Down to the last line, repeat the entries exactly and drop any image.

** Opening Data excerpts block **

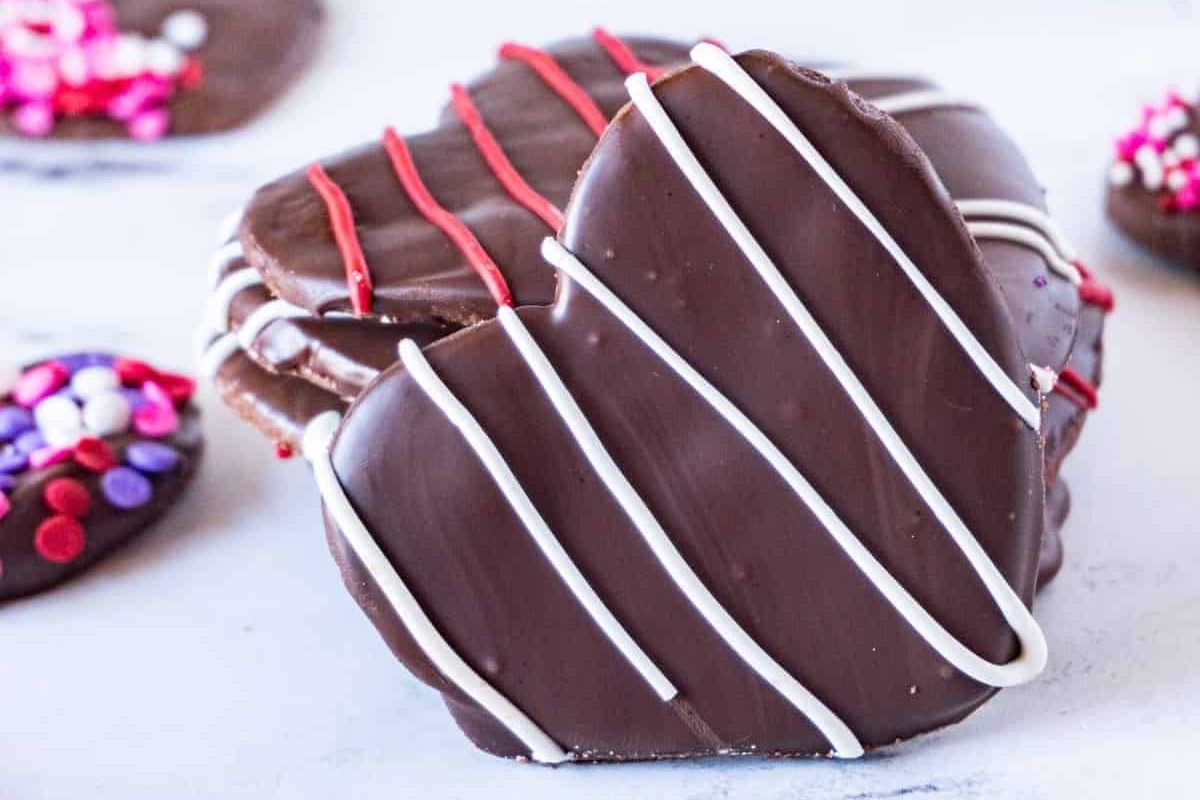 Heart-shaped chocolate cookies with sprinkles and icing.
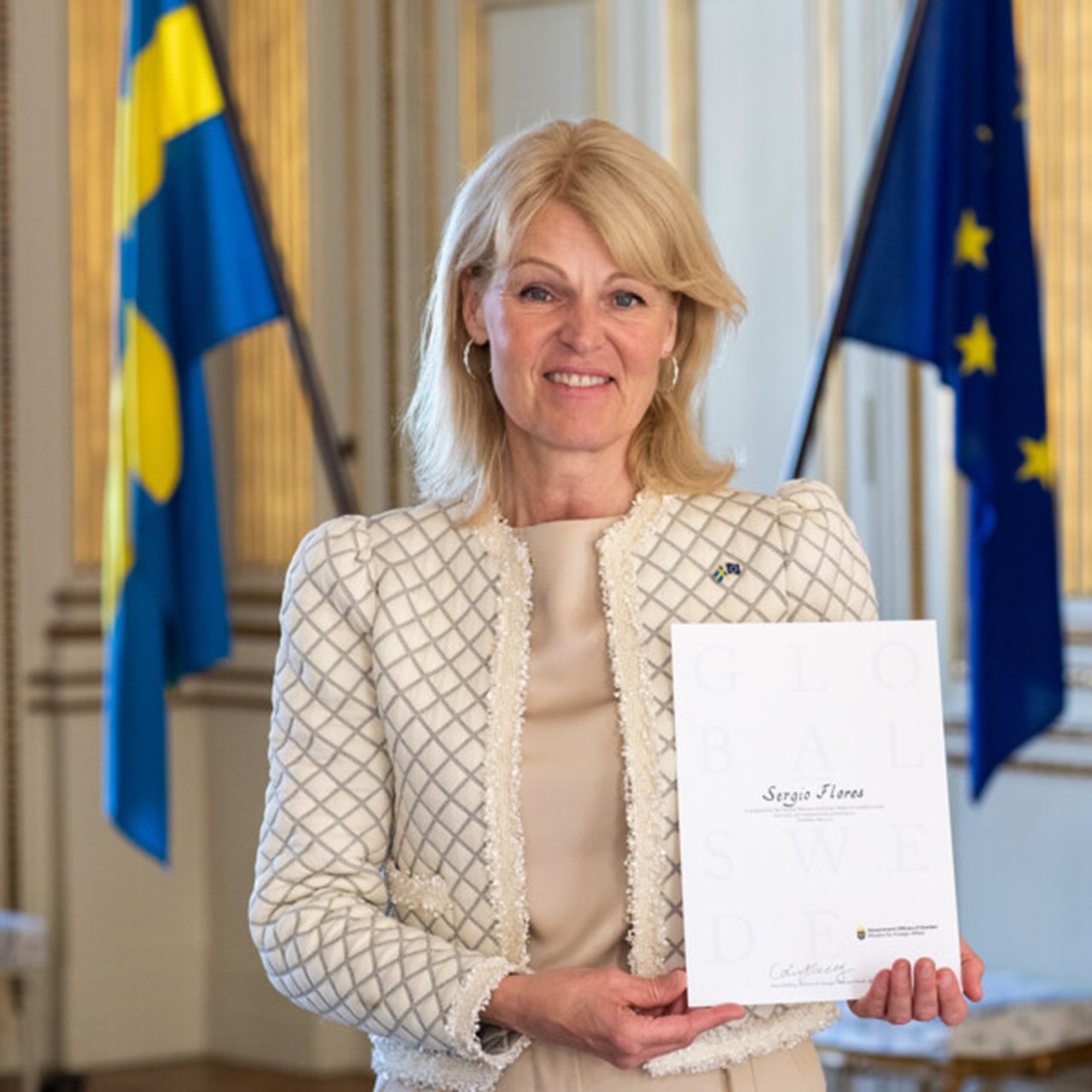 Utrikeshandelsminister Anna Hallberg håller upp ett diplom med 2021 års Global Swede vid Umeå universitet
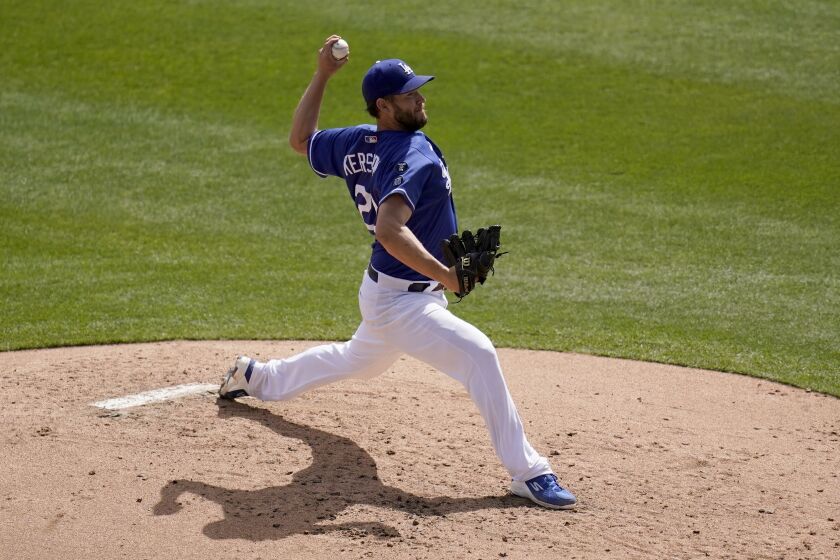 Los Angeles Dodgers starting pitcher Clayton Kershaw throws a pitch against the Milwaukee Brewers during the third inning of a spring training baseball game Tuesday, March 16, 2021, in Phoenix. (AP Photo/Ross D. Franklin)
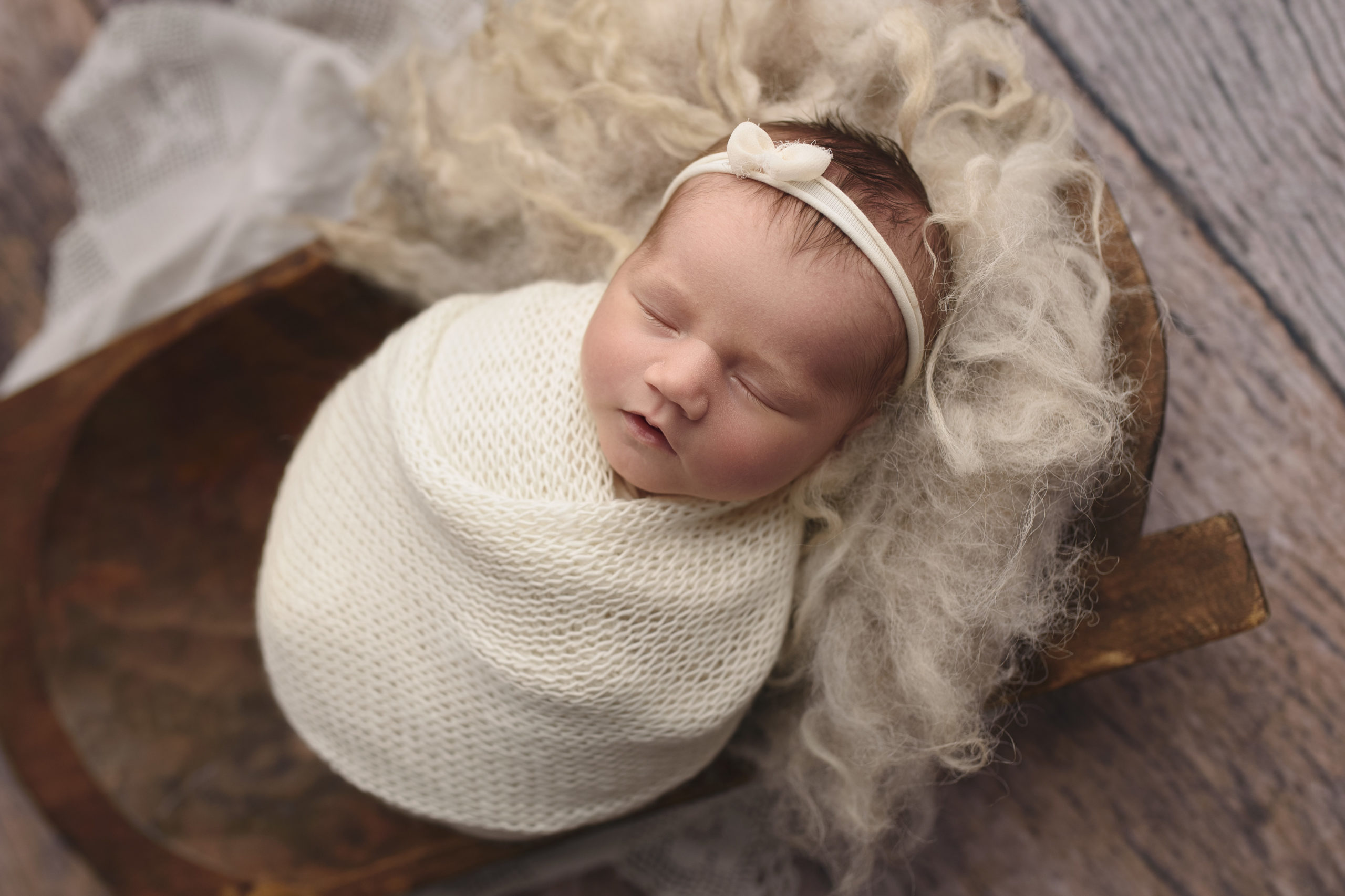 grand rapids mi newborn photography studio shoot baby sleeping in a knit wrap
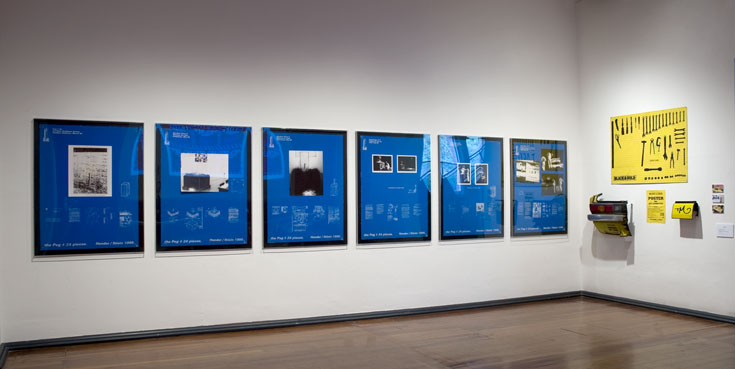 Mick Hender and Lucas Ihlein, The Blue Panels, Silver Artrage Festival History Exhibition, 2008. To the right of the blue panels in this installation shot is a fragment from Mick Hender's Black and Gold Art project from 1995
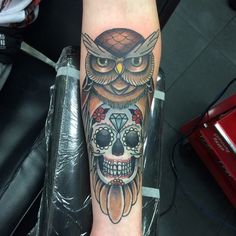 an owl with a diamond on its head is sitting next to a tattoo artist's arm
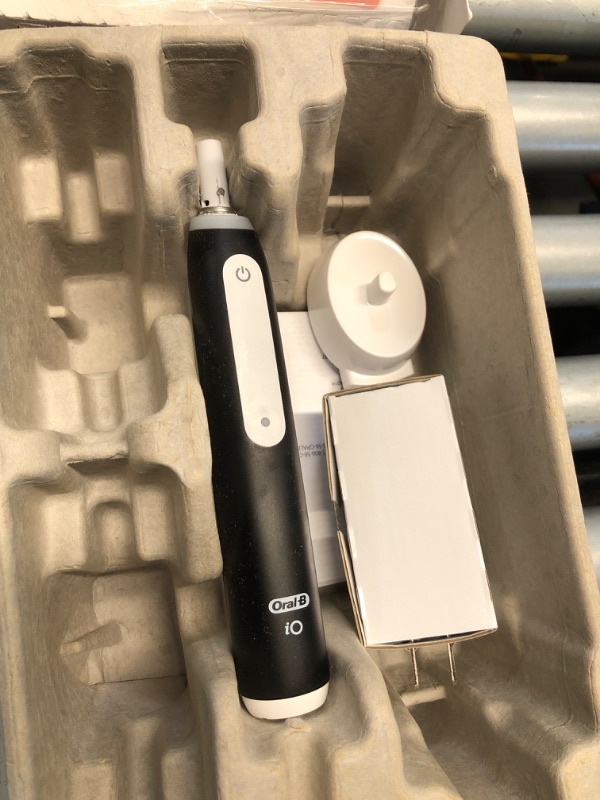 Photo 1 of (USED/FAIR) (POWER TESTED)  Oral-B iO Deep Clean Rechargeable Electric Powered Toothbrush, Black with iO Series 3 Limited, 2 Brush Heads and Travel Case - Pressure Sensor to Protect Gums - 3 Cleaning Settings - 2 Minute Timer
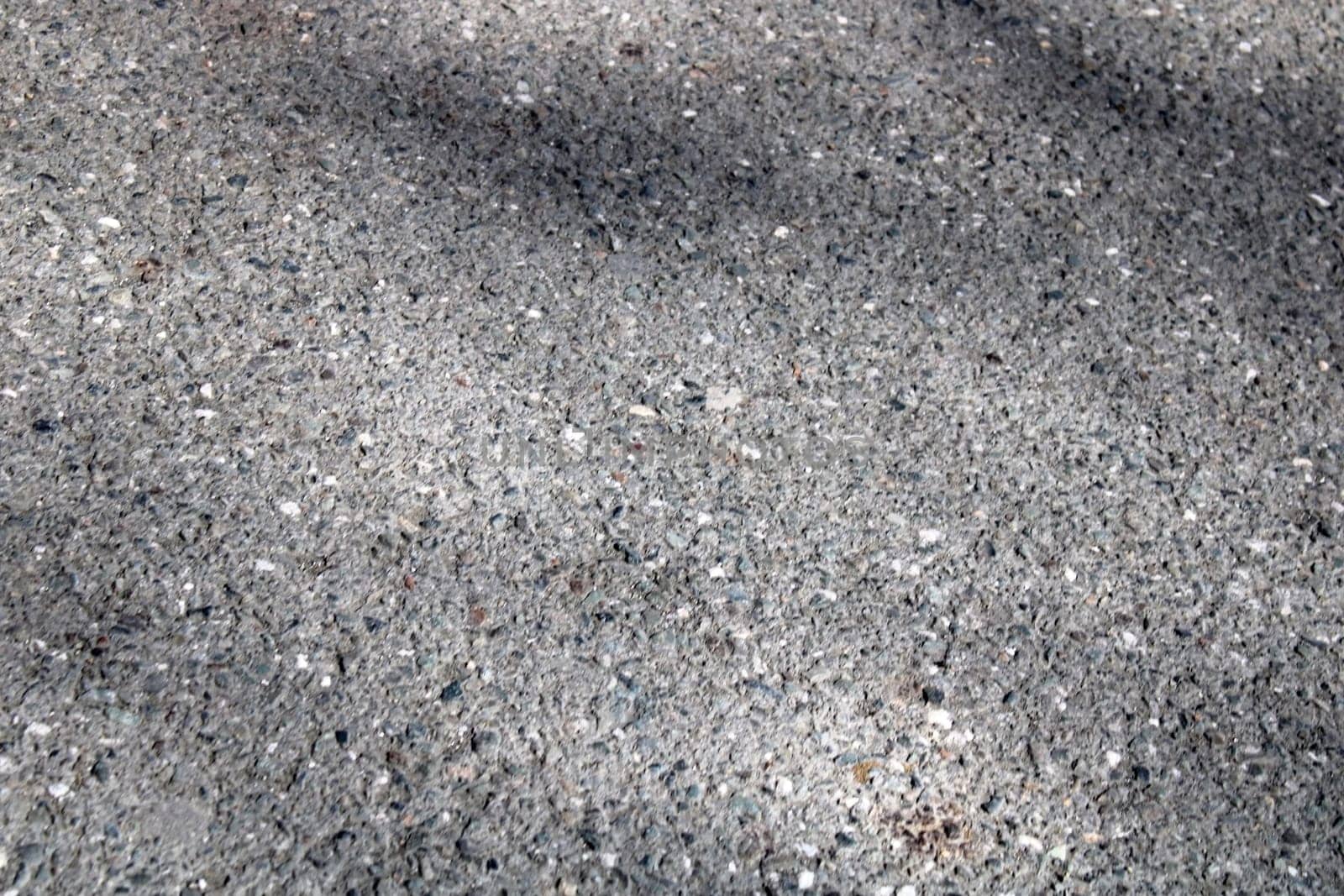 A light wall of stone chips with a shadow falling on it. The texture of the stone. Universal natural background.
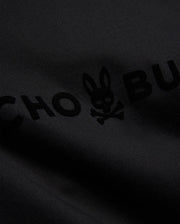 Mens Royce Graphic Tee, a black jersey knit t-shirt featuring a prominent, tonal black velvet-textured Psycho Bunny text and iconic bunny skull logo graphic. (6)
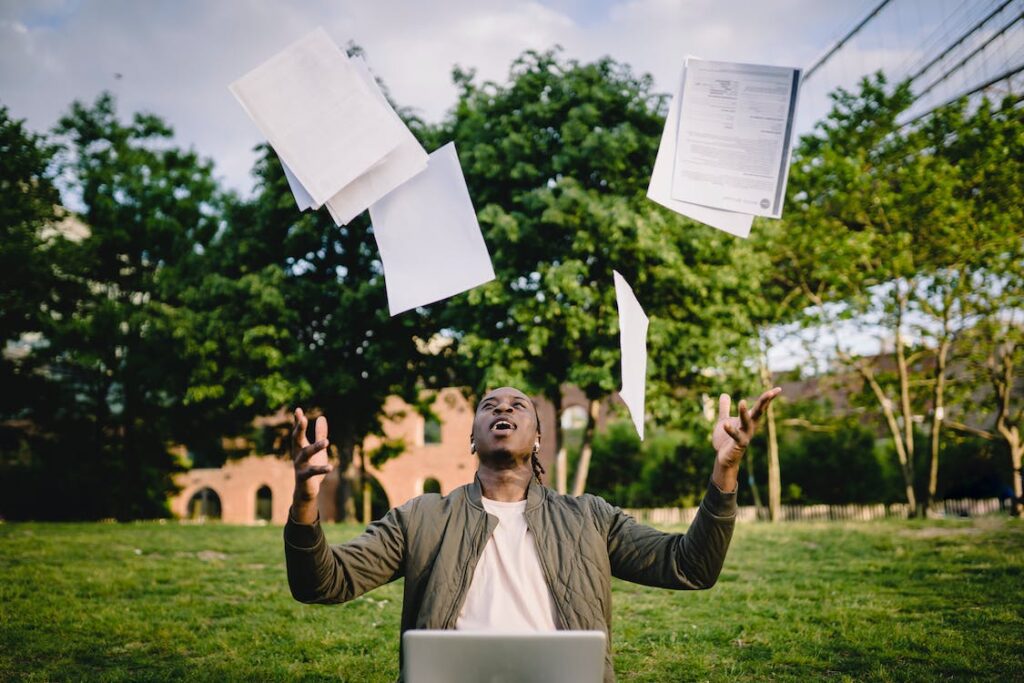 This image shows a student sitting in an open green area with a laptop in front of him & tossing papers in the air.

** Closing Data excerpts block **

◆ Final answer ◆
 Heart-shaped chocolate cookies with sprinkles and icing.
 Utrikeshandelsminister Anna Hallberg håller upp ett diplom med 2021 års Global Swede vid Umeå universitet
 Los Angeles Dodgers starting pitcher Clayton Kershaw throws a pitch against the Milwaukee Brewers during the third inning of a spring training baseball game Tuesday, March 16, 2021, in Phoenix. (AP Photo/Ross D. Franklin)
 grand rapids mi newborn photography studio shoot baby sleeping in a knit wrap
 Mick Hender and Lucas Ihlein, The Blue Panels, Silver Artrage Festival History Exhibition, 2008. To the right of the blue panels in this installation shot is a fragment from Mick Hender's Black and Gold Art project from 1995
 an owl with a diamond on its head is sitting next to a tattoo artist's arm
 Photo 1 of (USED/FAIR) (POWER TESTED)  Oral-B iO Deep Clean Rechargeable Electric Powered Toothbrush, Black with iO Series 3 Limited, 2 Brush Heads and Travel Case - Pressure Sensor to Protect Gums - 3 Cleaning Settings - 2 Minute Timer
 A light wall of stone chips with a shadow falling on it. The texture of the stone. Universal natural background.
 Mens Royce Graphic Tee, a black jersey knit t-shirt featuring a prominent, tonal black velvet-textured Psycho Bunny text and iconic bunny skull logo graphic. (6)
 This image shows a student sitting in an open green area with a laptop in front of him & tossing papers in the air.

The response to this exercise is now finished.